#### Records shown
+++++
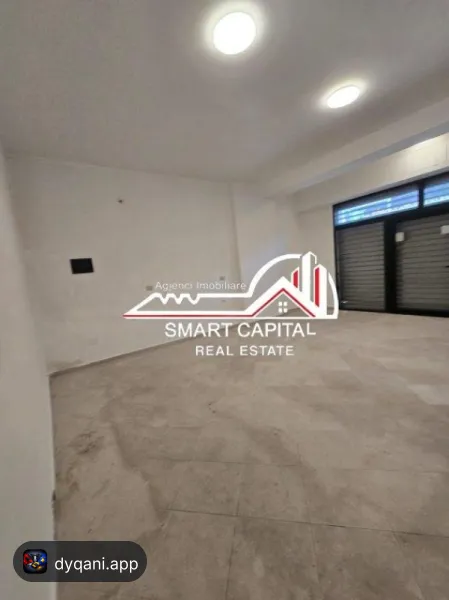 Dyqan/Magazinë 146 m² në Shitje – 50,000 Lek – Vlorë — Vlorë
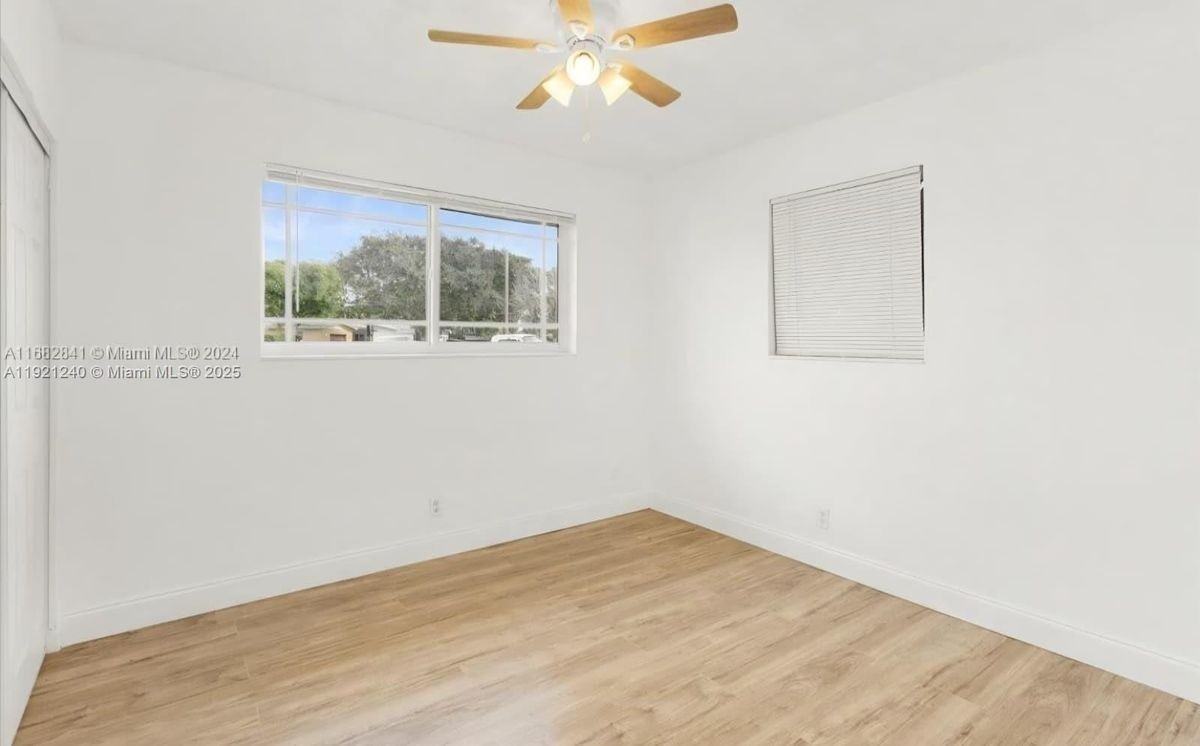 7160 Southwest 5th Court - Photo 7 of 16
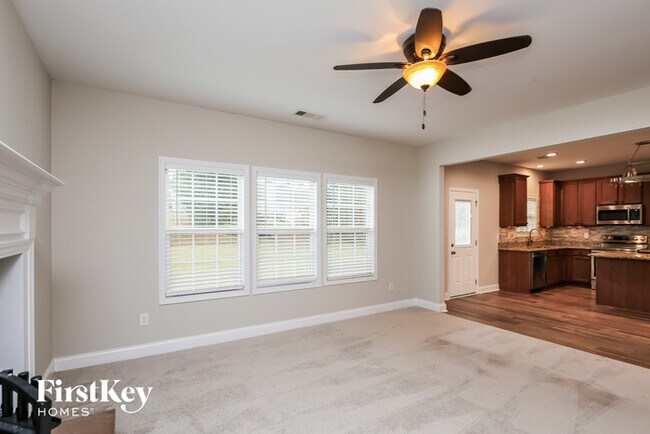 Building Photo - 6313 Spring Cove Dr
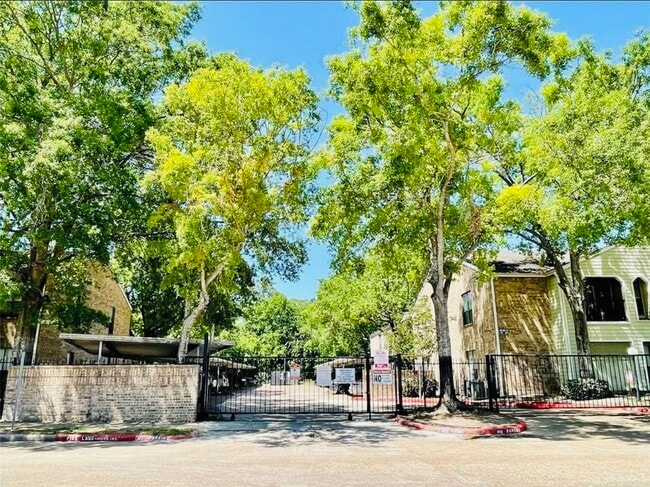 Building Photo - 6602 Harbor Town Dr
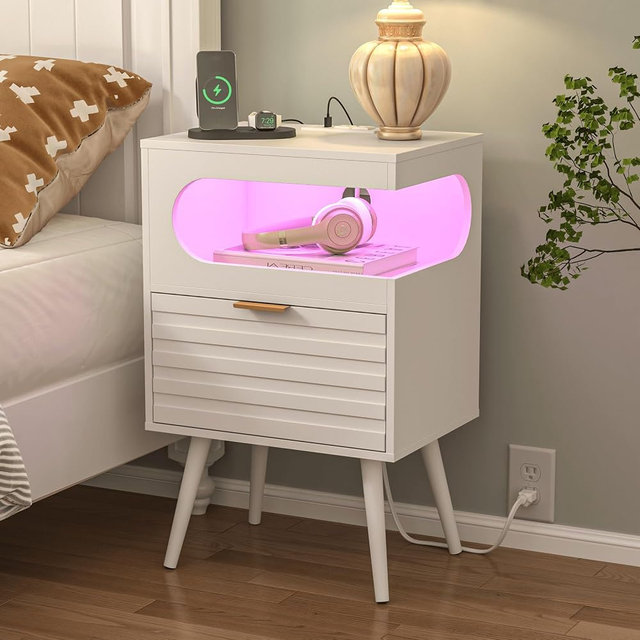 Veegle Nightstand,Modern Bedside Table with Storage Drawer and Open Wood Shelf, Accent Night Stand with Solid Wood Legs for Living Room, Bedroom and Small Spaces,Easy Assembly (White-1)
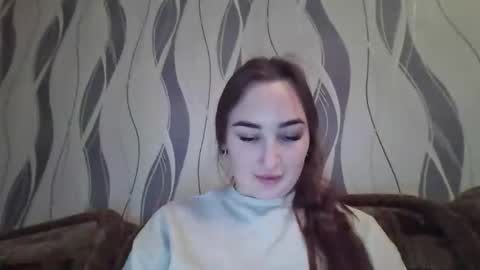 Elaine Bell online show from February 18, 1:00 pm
+++++
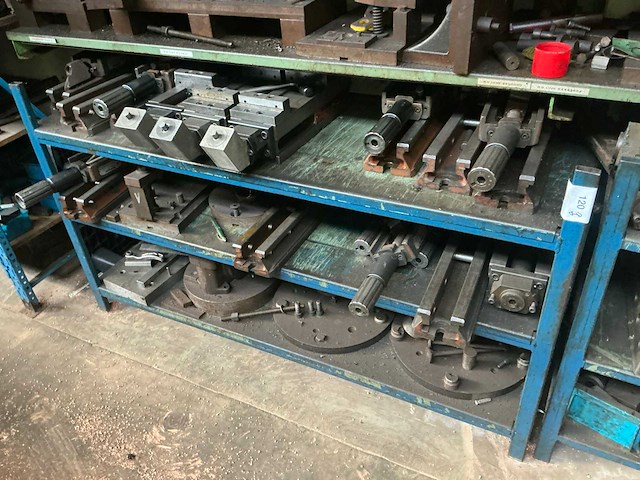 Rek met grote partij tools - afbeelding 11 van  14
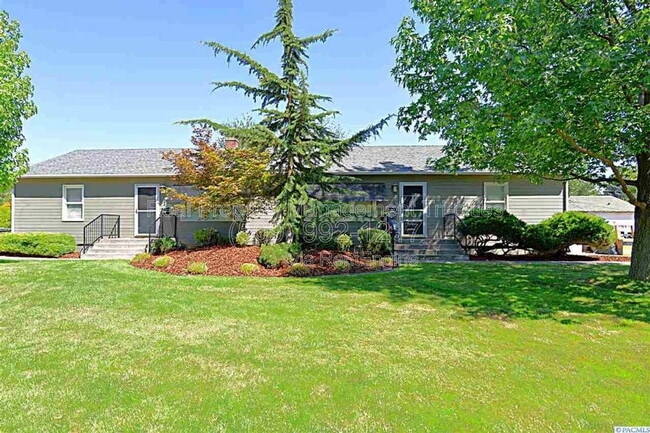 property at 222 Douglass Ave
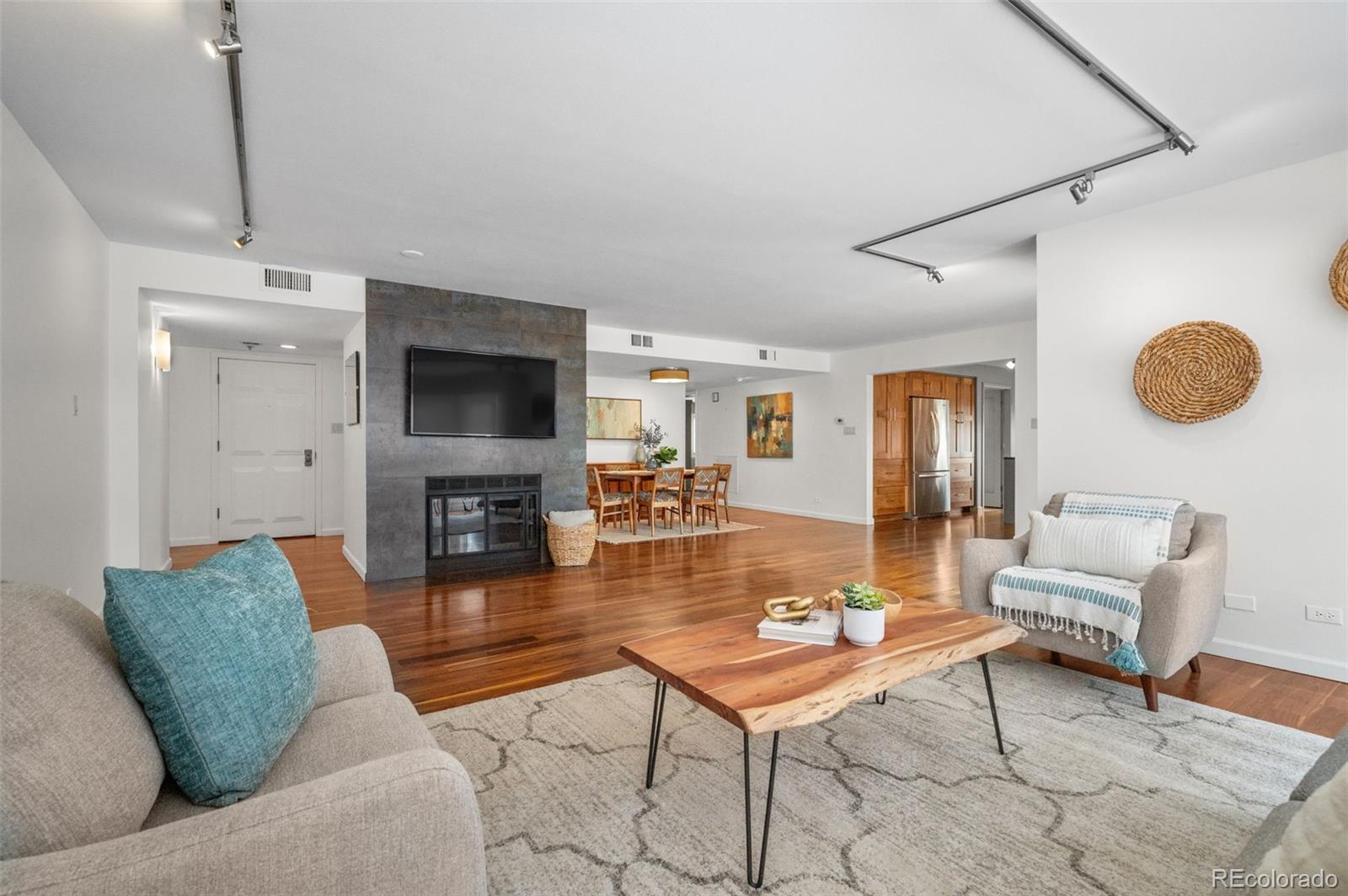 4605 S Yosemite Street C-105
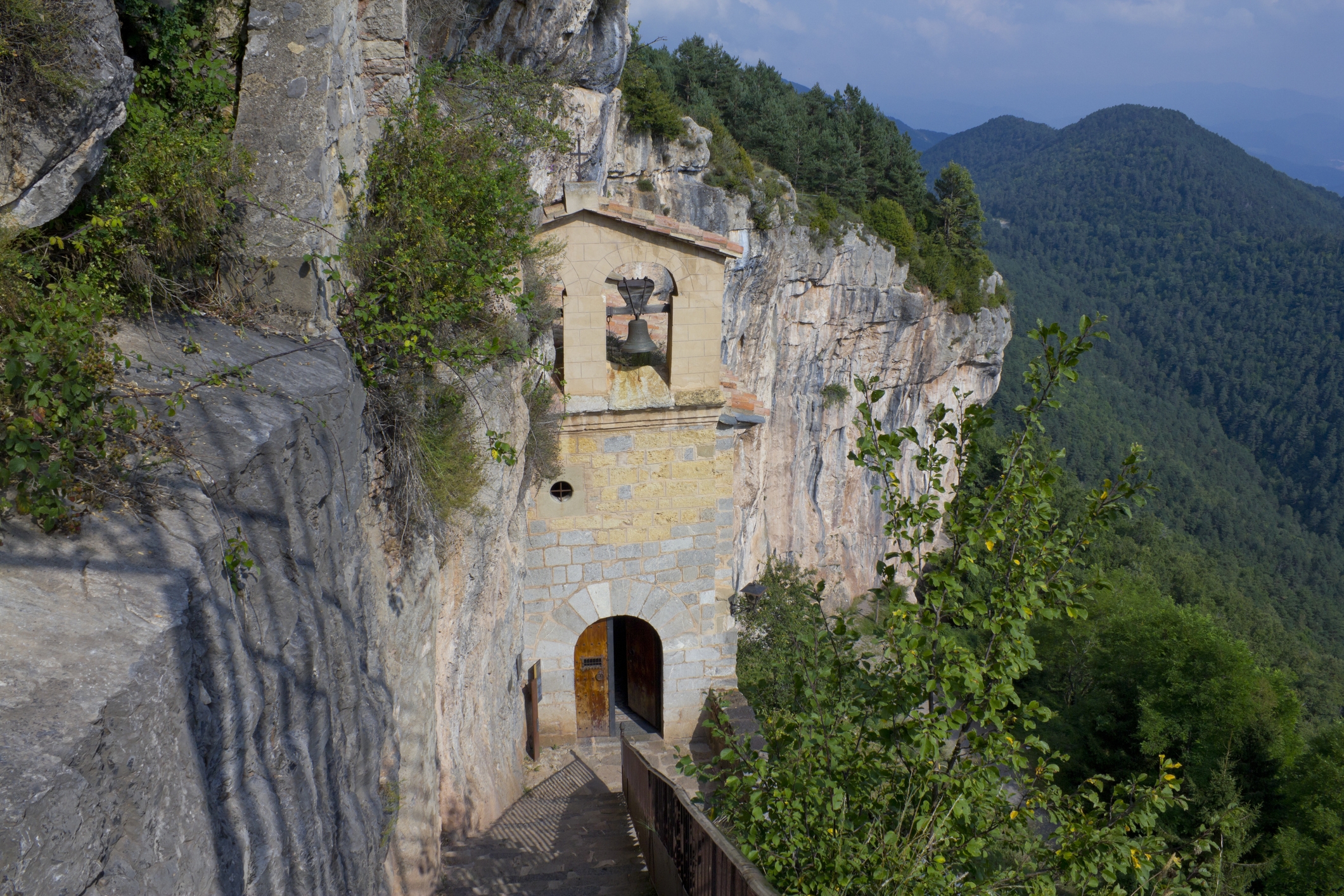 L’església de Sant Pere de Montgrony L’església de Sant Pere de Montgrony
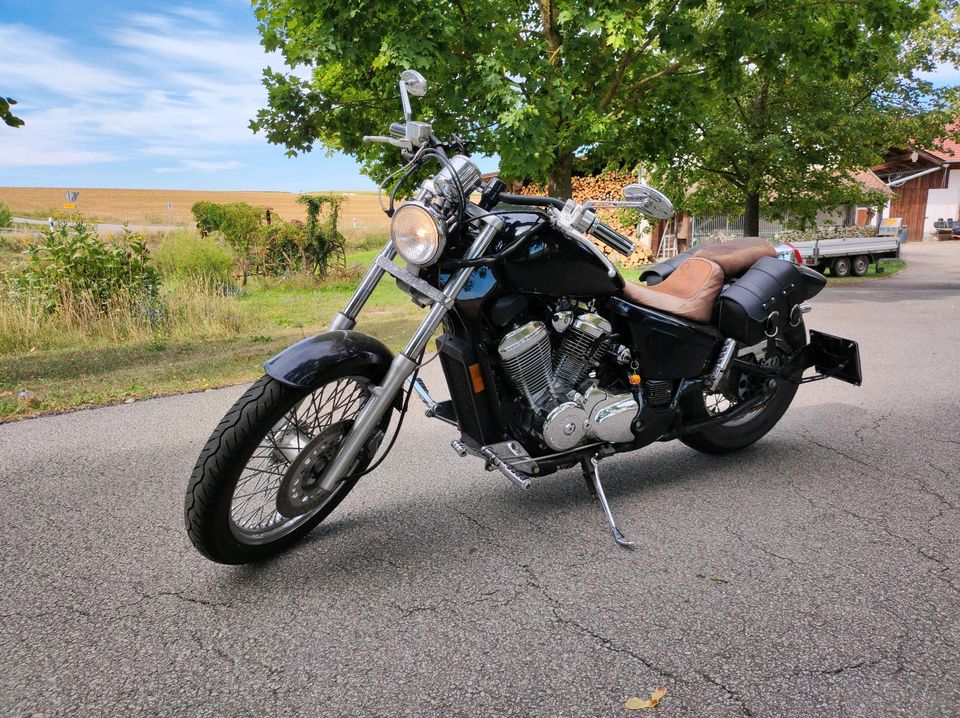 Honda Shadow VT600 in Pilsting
+++++
#### Work order
Reproduce the data above exactly, but only from the line containing "Building Photo - 6602 Harbor Town Dr" through the line containing "Veegle Nightstand,Modern Bedside"; skip the pictures.

#### Solution for this problem
 Building Photo - 6602 Harbor Town Dr
 Veegle Nightstand,Modern Bedside Table with Storage Drawer and Open Wood Shelf, Accent Night Stand with Solid Wood Legs for Living Room, Bedroom and Small Spaces,Easy Assembly (White-1)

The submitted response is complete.